* **What is expected**:
Pictures aside, repeat all the entries below exactly as they appear.

* **Extracted entries**:

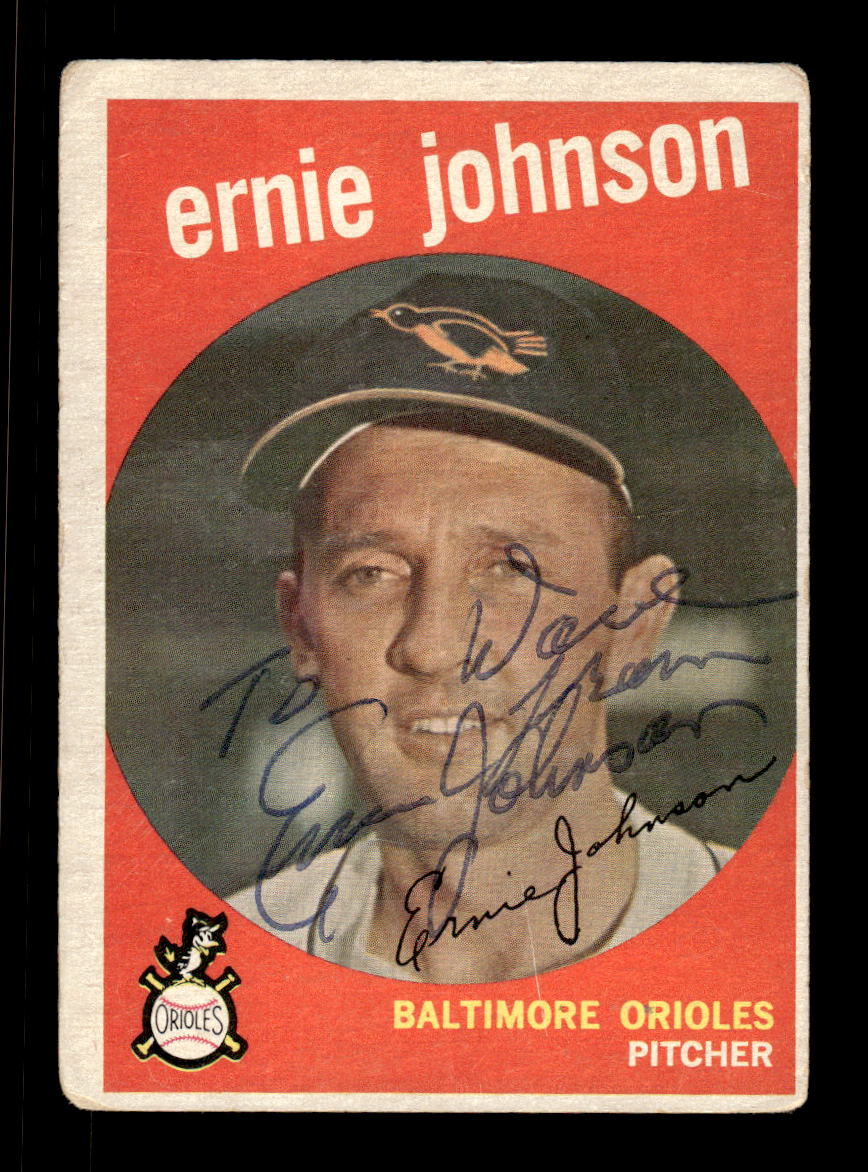 1959 Topps #279 Ernie Johnson Baltimore Orioles SIGNED ON CARD CS26017633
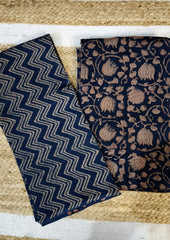 Bagru Chanderi Suit - Dark Blue 01 - Wefta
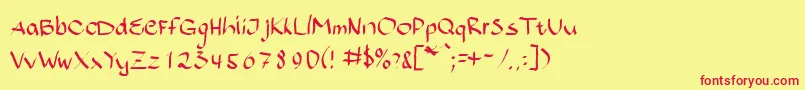 Bajsporr Font – Red Fonts on Yellow Background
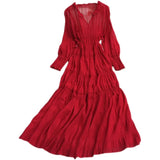 Zingj Holiday Dress Autumn Dress 2023 New Goddess Temperament V-Collar Rope-Drawn Waist
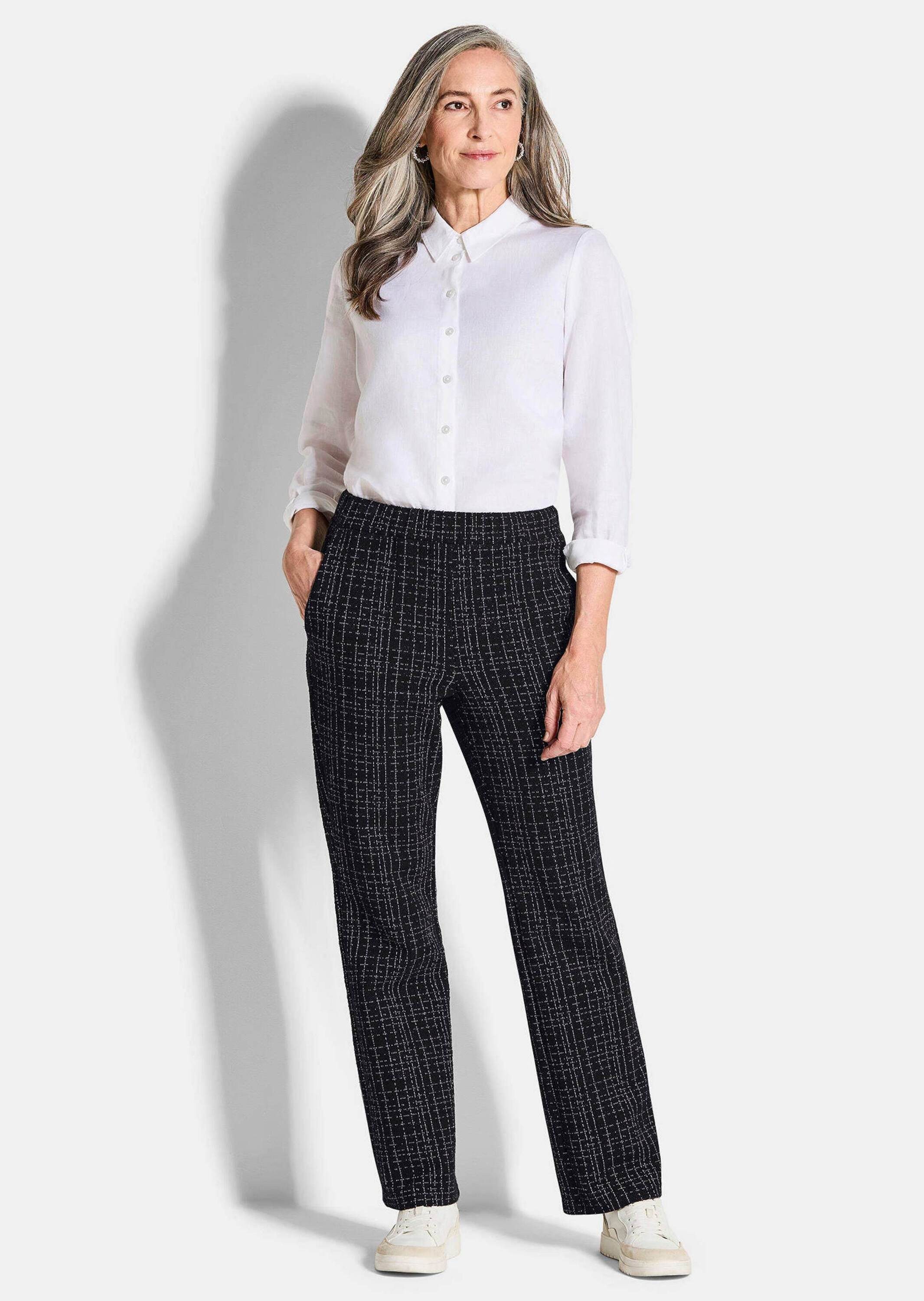 GOLDNER Stoffhose Kurzgröße: Elegante Businesshose VERA in Tweed Stilvolle, gerade Hose mit Karomuster und Glanzgarn, hoher Bund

* **Task response**:
 1959 Topps #279 Ernie Johnson Baltimore Orioles SIGNED ON CARD CS26017633
 Bagru Chanderi Suit - Dark Blue 01 - Wefta
 Bajsporr Font – Red Fonts on Yellow Background
 Zingj Holiday Dress Autumn Dress 2023 New Goddess Temperament V-Collar Rope-Drawn Waist
 GOLDNER Stoffhose Kurzgröße: Elegante Businesshose VERA in Tweed Stilvolle, gerade Hose mit Karomuster und Glanzgarn, hoher Bund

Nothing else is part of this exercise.